> _EXCERPTED RECORDS_:
=== Begin Enclosure ===
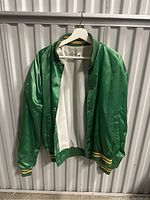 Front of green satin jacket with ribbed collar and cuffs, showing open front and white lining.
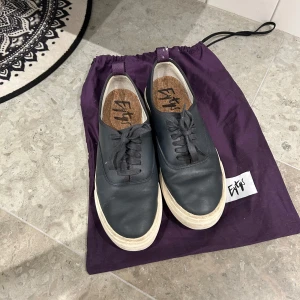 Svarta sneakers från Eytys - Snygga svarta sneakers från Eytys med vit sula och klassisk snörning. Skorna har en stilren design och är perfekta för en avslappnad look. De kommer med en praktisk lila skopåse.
=== End Enclosure ===
=== Begin Enclosure ===
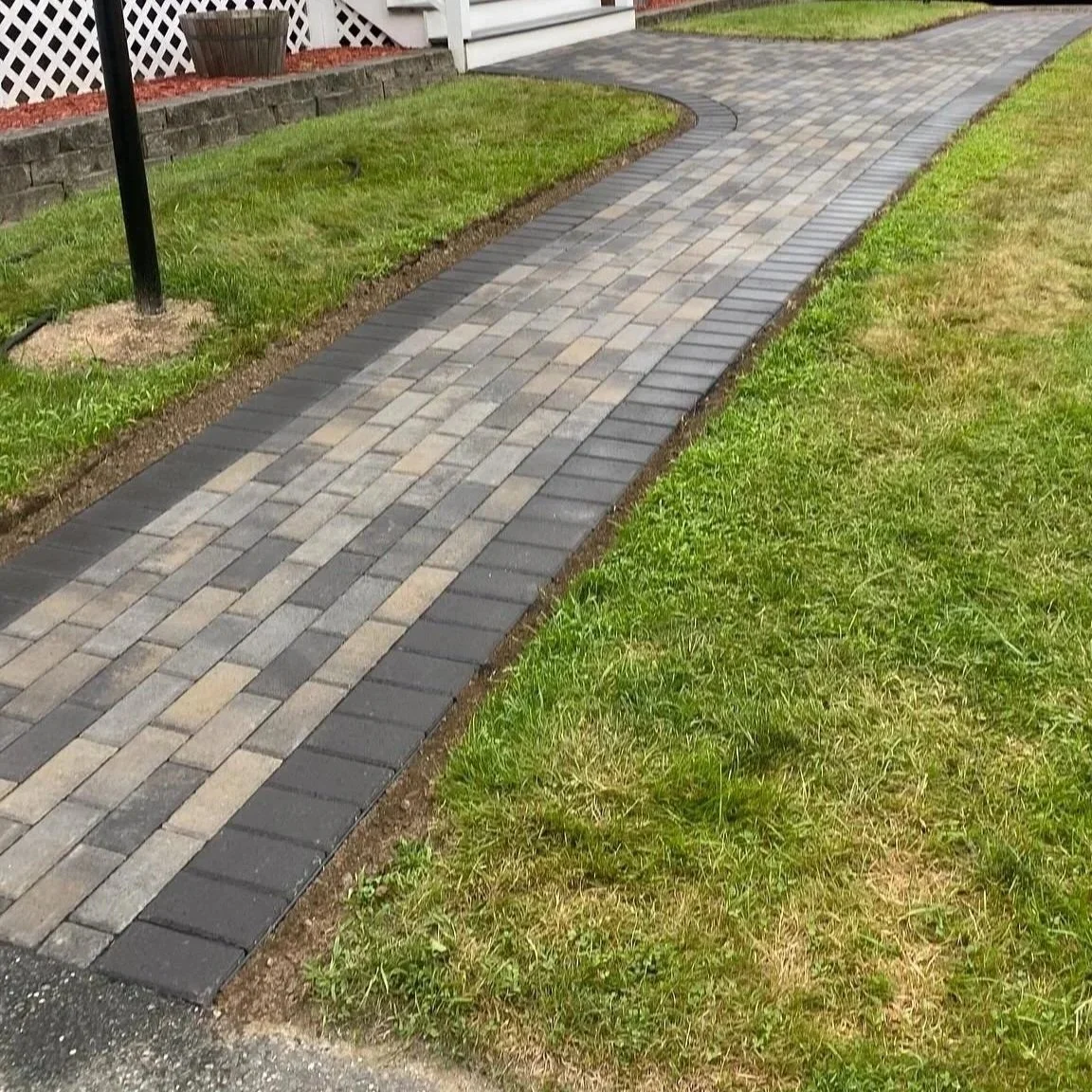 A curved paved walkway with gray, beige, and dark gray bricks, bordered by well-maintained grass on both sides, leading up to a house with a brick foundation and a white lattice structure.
=== End Enclosure ===
=== Begin Enclosure ===
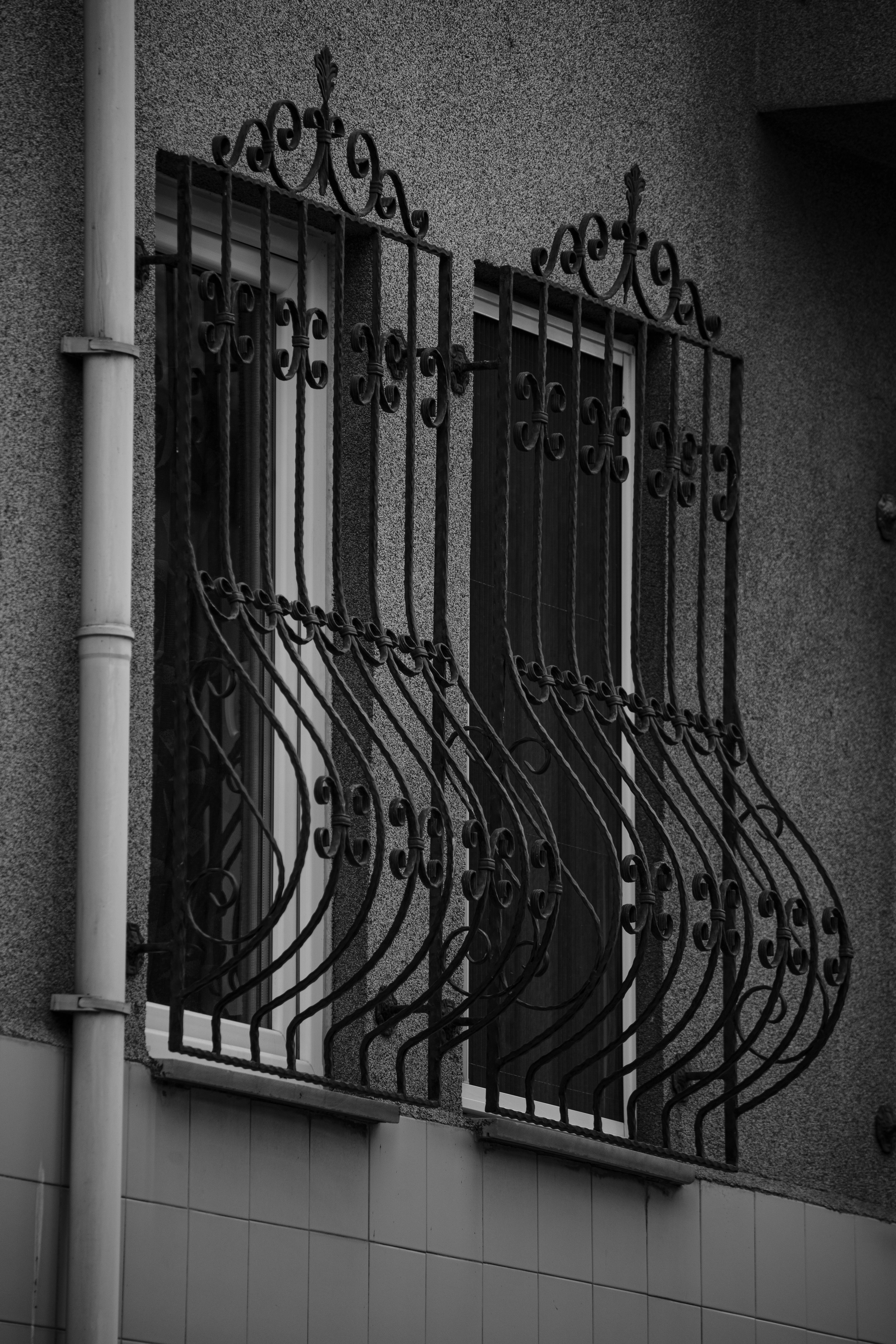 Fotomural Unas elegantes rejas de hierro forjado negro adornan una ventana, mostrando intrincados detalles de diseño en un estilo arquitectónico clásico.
=== End Enclosure ===
> _EXERCISE AIM_: Once the line with "Front of green" is found above, transcribe each line from it through the line with "Svarta sneakers från Eytys - Snygga", exactly, and omit the pictures.

> _EXERCISE SOLUTION_:
 Front of green satin jacket with ribbed collar and cuffs, showing open front and white lining.
 Svarta sneakers från Eytys - Snygga svarta sneakers från Eytys med vit sula och klassisk snörning. Skorna har en stilren design och är perfekta för en avslappnad look. De kommer med en praktisk lila skopåse.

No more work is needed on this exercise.